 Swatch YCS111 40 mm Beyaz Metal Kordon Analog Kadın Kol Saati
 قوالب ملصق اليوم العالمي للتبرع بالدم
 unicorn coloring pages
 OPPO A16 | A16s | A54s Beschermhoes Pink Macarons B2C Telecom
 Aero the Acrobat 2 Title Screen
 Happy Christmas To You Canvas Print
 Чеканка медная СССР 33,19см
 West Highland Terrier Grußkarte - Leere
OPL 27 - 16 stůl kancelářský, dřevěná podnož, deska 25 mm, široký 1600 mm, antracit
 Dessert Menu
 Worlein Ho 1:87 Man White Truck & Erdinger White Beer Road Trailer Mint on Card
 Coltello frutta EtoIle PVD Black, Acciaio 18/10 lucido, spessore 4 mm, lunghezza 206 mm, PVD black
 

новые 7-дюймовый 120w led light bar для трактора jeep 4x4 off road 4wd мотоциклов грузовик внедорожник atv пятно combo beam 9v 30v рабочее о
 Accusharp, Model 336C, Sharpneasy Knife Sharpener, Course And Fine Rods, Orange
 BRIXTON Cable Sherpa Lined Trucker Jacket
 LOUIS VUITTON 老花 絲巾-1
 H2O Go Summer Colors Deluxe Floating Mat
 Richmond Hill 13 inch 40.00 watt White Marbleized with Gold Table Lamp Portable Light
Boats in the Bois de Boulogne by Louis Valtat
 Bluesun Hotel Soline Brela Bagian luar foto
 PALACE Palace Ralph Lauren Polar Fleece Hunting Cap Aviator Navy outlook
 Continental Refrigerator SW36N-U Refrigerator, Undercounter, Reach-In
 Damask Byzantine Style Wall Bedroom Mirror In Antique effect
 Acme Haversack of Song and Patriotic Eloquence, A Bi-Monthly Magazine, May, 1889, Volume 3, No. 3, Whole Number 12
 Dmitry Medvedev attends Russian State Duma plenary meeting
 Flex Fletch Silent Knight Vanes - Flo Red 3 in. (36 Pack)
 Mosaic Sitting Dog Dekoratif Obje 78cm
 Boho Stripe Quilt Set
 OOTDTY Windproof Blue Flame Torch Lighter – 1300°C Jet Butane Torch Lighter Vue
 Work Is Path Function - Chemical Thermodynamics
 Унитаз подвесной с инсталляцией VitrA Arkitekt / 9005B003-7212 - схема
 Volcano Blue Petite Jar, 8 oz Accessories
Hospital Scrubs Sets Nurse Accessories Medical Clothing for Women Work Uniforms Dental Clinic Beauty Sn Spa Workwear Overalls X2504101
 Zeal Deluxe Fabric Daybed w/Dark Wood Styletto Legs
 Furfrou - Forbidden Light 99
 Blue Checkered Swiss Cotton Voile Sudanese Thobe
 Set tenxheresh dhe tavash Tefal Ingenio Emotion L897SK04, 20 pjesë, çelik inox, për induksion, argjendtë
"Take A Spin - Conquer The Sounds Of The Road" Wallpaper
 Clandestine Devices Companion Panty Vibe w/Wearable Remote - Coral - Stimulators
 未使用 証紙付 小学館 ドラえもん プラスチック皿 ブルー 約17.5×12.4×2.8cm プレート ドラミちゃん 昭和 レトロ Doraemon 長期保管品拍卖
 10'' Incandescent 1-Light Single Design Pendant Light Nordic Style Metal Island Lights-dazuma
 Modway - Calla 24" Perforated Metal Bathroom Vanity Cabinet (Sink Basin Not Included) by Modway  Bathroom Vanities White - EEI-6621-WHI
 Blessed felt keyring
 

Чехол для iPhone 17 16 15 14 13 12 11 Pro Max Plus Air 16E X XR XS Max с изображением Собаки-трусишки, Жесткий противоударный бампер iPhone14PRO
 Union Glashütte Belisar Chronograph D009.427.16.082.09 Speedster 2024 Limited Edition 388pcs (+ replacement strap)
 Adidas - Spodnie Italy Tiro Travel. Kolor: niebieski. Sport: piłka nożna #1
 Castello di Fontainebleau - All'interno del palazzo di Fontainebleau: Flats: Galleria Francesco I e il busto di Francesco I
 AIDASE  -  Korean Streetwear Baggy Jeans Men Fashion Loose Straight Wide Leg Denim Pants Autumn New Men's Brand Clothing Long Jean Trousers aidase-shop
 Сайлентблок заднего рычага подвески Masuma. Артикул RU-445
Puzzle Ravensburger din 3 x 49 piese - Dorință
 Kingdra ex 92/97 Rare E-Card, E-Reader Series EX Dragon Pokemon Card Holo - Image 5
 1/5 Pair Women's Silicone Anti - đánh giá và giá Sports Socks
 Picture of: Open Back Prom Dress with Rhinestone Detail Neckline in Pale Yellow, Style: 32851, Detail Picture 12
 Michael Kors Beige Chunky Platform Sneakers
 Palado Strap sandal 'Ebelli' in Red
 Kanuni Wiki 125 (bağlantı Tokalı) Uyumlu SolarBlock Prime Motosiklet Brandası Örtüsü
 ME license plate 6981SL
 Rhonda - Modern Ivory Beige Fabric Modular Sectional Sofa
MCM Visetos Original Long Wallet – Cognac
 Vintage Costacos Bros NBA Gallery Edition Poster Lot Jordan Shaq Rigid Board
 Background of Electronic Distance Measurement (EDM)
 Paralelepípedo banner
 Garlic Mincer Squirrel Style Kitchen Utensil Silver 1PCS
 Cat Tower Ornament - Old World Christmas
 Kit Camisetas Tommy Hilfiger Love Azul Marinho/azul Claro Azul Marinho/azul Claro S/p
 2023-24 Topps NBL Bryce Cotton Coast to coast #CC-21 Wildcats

## [Task statement]
Lines from the start of the entries through the one containing "Coltello frutta EtoIle" are to be set down again exactly, both ends included.

## [Answer section]
 Swatch YCS111 40 mm Beyaz Metal Kordon Analog Kadın Kol Saati
 قوالب ملصق اليوم العالمي للتبرع بالدم
 unicorn coloring pages
 OPPO A16 | A16s | A54s Beschermhoes Pink Macarons B2C Telecom
 Aero the Acrobat 2 Title Screen
 Happy Christmas To You Canvas Print
 Чеканка медная СССР 33,19см
 West Highland Terrier Grußkarte - Leere
OPL 27 - 16 stůl kancelářský, dřevěná podnož, deska 25 mm, široký 1600 mm, antracit
 Dessert Menu
 Worlein Ho 1:87 Man White Truck & Erdinger White Beer Road Trailer Mint on Card
 Coltello frutta EtoIle PVD Black, Acciaio 18/10 lucido, spessore 4 mm, lunghezza 206 mm, PVD black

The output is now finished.